Alvar Aalto Museum celebrates 40th jubilee

The beginnings of the Alvar Aalto Museum go back four decades to the 1960s. Since the 1950s, the architect had frequently come to Jyväskylä. The impetus for the city's evolving cultural life came in part from the yearly Jyväskylä Cultural Event (later known as Jyväskylä Summer), where Aalto, too, often spoke about architecture and design. When the Pedagogical Polytechnic became Jyväskylä University in 1965, and a professorship and assistantship in Art History were established a year later, hope was born that the city would have its own art museum. The idea took root that an Alvar Aalto institute, academy, or other pedagogical institution bearing his name, should be established. While Aalto was favourable to the idea, his hope was that museum would not portray just a single individual but would be a universal, living art museum.

An association called Alvar Aalto Museum Society - Jyväskylä Art Collections was established on October 24, 1966, in Jyväskylä. The primary aim of the association was to bring about and maintain an art museum in the city. The Museum's scope was wide-ranging from the outset as it included architecture, the fine arts and industrial art. Additionally, the association's duties included "arranging art education, promoting art and supporting the teaching of art, especially in Jyväskylä University". The official opening was on November 26, 1967, and the first exhibition, staged in the Museum of Central Finland, was opened in spring 1968.

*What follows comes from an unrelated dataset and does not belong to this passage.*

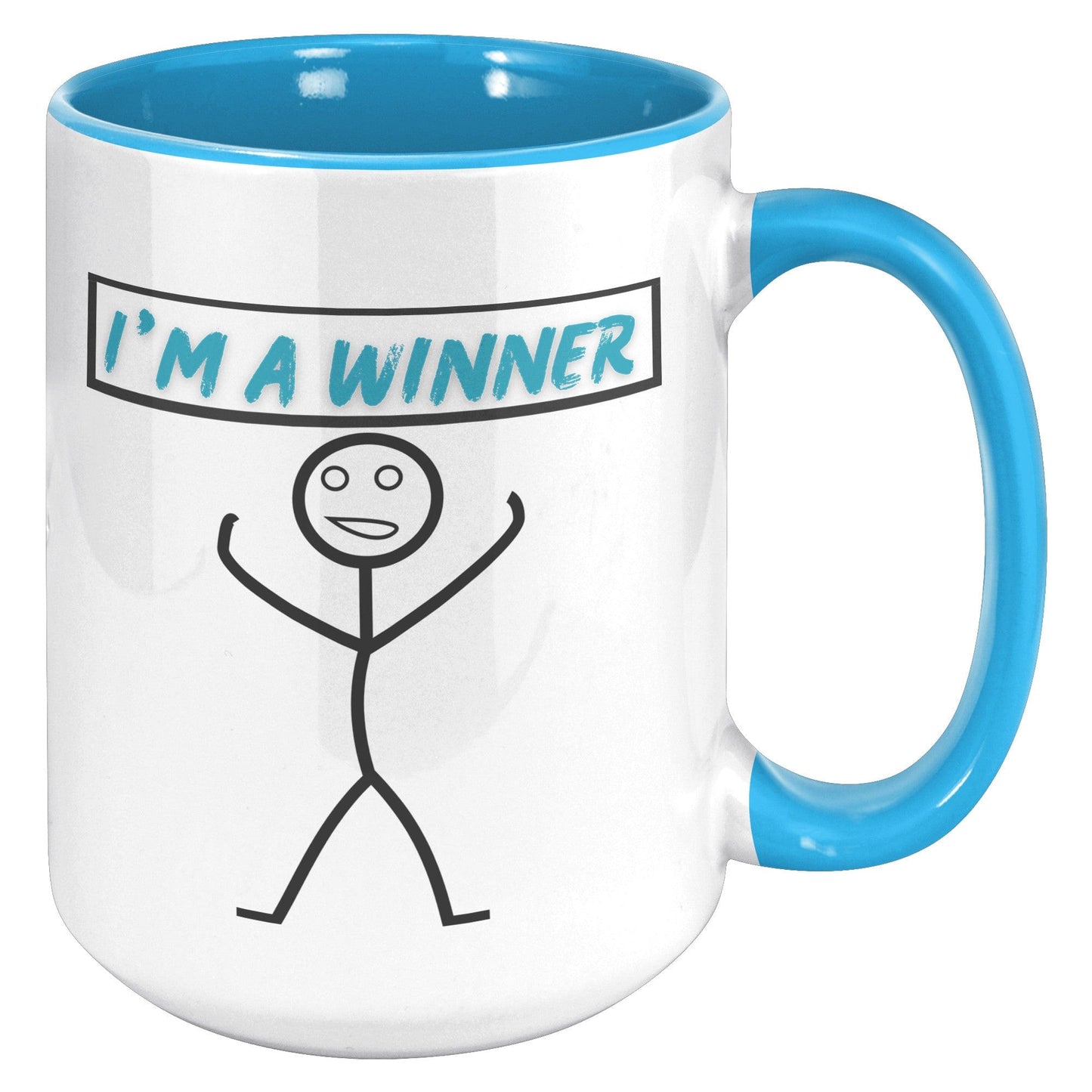 I'm a Winner mug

The City of Jyväskylä gave the Museum Society temporary use of the Seminaarinkatu 1 premises, a building in which architect Toivo Salervo (1888-1977) had resided. It was subsequently converted by volunteer labour into exhibition space in accordance with drawings and specifications prepared by Aalto's office. This was the building in which Aalto had started his career in architecture - he had been an apprentice in Salervo's office in summer 1916, before starting his architectural studies in Helsinki. At summer's end, Salervo offered some friendly advice to Aalto as an older man: "You'll never make an architect. Aim for a career in journalism instead!" The Alvar Aalto Museum was opened in the renovated space in 1969 and its first exhibition presented Aalto's recent architecture in and around Jyväskylä.

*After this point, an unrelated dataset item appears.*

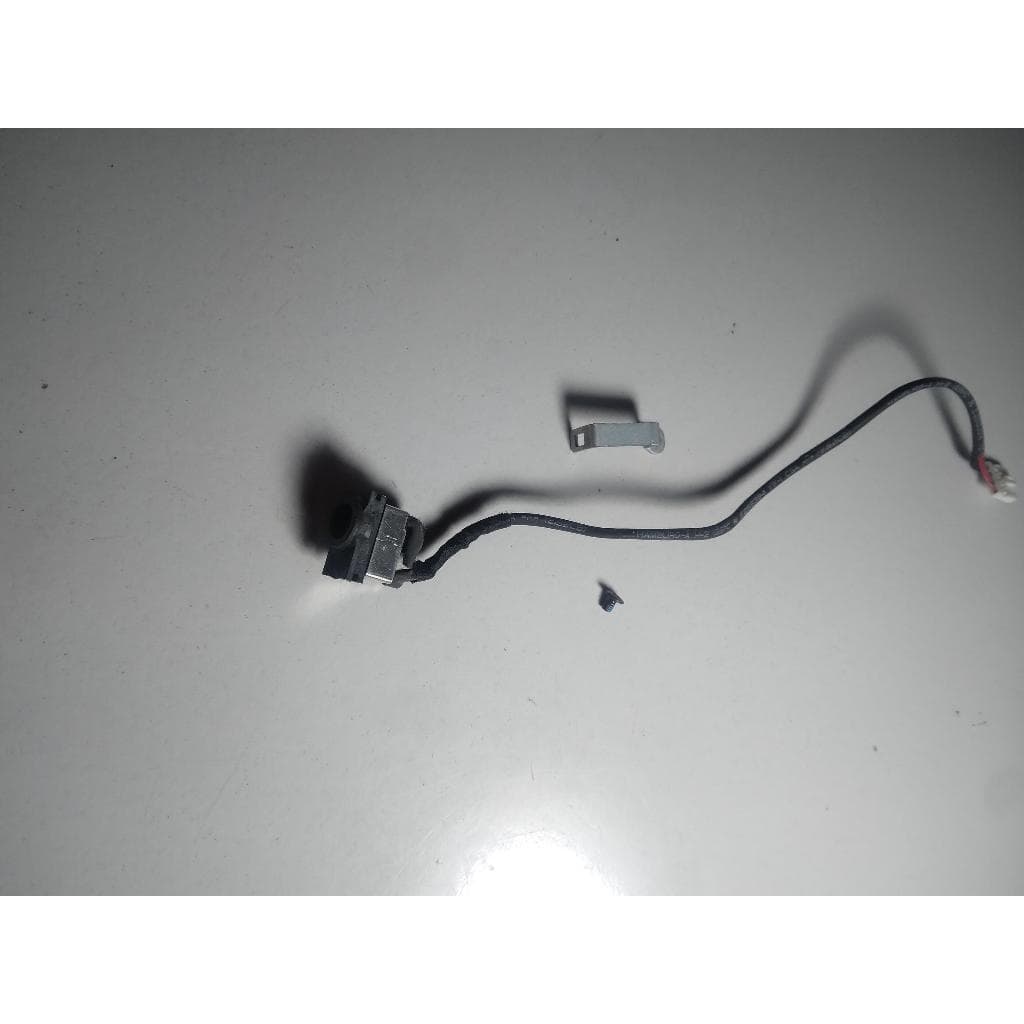 DC JACK COM CABINHO PARA NOTEBOOK SAMSUNG NP275E4E E NP270E4E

The City of Jyväskylä allowed the Alvar Aalto Museum Society to commission Aalto to produce an overall plan for the Ruusupuisto block and drawings for the future museum. The architect donated the drawings of the museum building to the Society in 1971. Construction was completed in spring 1973, and the building was officially opened in September. Following Aalto's plan, the surroundings on the sloping site included garden lighting and flowing pools of water. In conjunction with the dip in the site between the two museums, Aalto designed a stepped pool that was earlier fed by a natural stream. The Museum's foreground features a memorial to Päivö Oksala by Veikko Hirvimäki entitled Pro Artibus Humanis (1982).

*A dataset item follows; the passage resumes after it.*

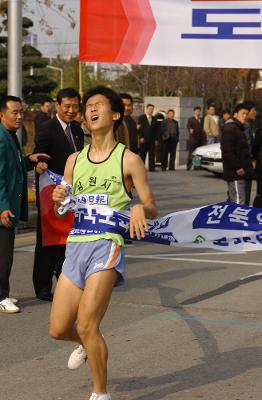 전북역전마라톤대회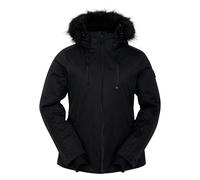 Dare 2B Women's Frenzied Ski Jacket - Black - Black - 12 UK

An active five years as an architecture and art museum supported by the city was followed by the transfer of the museum to the City of Jyväskylä and its renaming as the Regional Art Museum of Central Finland in 1981. More and more emphasis was given as time went on to architecture and the Alvar Aalto tradition. In 1997, the art museum split off as a separate entity. Management of the Alvar Aalto Museum, which focused on architecture and design, was transferred to the Alvar Aalto Foundation in 1998.